My hon. Friend spoke about the consequences for neighbourhood policing and investigations, the huge demand caused by new crimes, such as cyber-crime, and the increase in traditional demand caused by things such as knife crime, which is plaguing so many of our communities. She mentioned the consequential impacts on faith in the police, and the Home Affairs Committee has found that, too. The very legitimacy of our police is at stake. The situation is undeniably leading to a lack of confidence in reporting to the police, as my hon. Friend Ms Eagle mentioned, and confidence that they will be able to act at all on those reports.

My right hon. Friend Mr Howarth spoke about the consequences that sadly resulted in a police officer being stabbed in his constituency. The safety of our officers and staff is increasingly being put at risk. More people are single-crewed when responding to crime. Guns are increasingly available and knife crime is increasingly normalised, particularly for young people on our streets. My hon. Friend Bill Esterson spoke about the tragic murder of Sam Cook on his 21st birthday. It is hard to escape the conclusion that that was not at least in part down to cuts to policing and prevention and the massive failure in the privatisation of our probation service.

As we have heard, nine years of brutal cuts to our police service have led to stark consequences on the streets of Merseyside.
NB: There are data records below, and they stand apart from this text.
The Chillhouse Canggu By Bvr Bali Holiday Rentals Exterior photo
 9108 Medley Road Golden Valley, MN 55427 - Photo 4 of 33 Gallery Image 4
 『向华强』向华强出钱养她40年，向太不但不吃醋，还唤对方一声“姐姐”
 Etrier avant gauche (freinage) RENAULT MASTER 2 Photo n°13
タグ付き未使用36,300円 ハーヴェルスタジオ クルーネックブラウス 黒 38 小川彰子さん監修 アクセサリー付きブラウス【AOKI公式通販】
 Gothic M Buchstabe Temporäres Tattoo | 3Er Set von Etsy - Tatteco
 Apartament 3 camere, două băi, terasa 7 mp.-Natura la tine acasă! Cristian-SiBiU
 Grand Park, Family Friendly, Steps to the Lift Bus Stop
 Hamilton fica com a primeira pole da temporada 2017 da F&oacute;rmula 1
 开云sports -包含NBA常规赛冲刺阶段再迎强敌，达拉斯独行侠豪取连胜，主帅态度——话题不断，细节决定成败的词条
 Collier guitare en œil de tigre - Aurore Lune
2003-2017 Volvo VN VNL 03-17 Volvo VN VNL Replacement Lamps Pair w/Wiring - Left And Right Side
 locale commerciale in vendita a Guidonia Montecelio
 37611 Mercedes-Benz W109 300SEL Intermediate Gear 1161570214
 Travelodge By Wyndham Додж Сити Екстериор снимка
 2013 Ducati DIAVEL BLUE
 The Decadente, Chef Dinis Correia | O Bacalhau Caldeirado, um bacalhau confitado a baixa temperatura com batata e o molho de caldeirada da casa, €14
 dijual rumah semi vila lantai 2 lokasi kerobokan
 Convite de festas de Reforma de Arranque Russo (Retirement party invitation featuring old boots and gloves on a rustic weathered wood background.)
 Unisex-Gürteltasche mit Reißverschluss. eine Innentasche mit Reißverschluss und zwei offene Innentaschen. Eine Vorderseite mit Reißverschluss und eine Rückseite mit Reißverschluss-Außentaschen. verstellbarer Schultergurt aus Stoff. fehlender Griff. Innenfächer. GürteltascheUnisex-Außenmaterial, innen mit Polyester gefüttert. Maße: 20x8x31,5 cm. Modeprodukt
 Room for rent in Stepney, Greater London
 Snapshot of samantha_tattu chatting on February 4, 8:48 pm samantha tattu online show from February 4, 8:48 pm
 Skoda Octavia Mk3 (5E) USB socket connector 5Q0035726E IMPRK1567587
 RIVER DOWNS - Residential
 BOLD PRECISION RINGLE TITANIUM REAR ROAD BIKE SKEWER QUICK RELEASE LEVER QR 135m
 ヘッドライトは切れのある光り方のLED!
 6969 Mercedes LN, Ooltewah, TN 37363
The precept increase will raise just £8.4 million, in comparison with Surrey, which has a smaller population and substantially less violent crime, where the police force will be able to raise £3.5 million more. As has been said, almost all additional funding from central Government will be spent on covering the cost of pension increases that have been passed to Merseyside police by a changed Government policy. That is completely and utterly unacceptable.

From 594 incidents of knife crime in 2010 to more than 11,000 today, Merseyside police have suffered one of the highest rises in violent crime of any force in the country. It has one of the highest rates of gun crime per head, and it is little wonder that its chief constable, Andy Cooke, stated:

“So have I got sufficient resources to fight gun crime? No, I haven’t. I will put all of the resources I have available to it and we will continue to see some excellent convictions…but if I had more staff would I put them to deal with gun crime? Yes I would.”

At the heart of the inequity in the Government’s approach to funding our police, particularly in Merseyside, is the fact that it is based on the ability of an area to pay—it is based on the number of large houses that that police force happens to have in its area. When we consider the picture for police forces nationwide, that is not only unfair but reckless. The greatest challenges facing our police forces are the surge in violent crime, child sexual exploitation, risks from terrorism, county lines and cyber-crime. Those challenges do not present an even picture across the country because crime rates are higher in metropolitan areas such as Merseyside. It is therefore completely perverse that forces such as Merseyside police, which have suffered the greatest cuts, should receive least from the funding settlement.

Last month the Government should have presented a funding settlement that meets need and demand, but instead of using any of the investment provided by the Home Office to help meet the operational demands caused by missing persons, child sexual exploitation and serious crime, every penny of central Government funding will be sunk into pension costs that the Government have imposed on forces. That is perverse and will create a postcode lottery in policing, meaning that those communities that cannot afford to pay will see policing get worse and worse.

As has been said, Merseyside is an excellent police force with exceptional officers from the chief constable, Andy Cooke, to the frontline and the hardworking police community support officers and staff. The force has fantastic advocates in its parliamentary representatives and its police and crime commissioner, Jane Kennedy, who consistently make the case for a fairer funding settlement. It seems, however, that with this Government in office Merseyside police will never get the funding that it needs or deserves.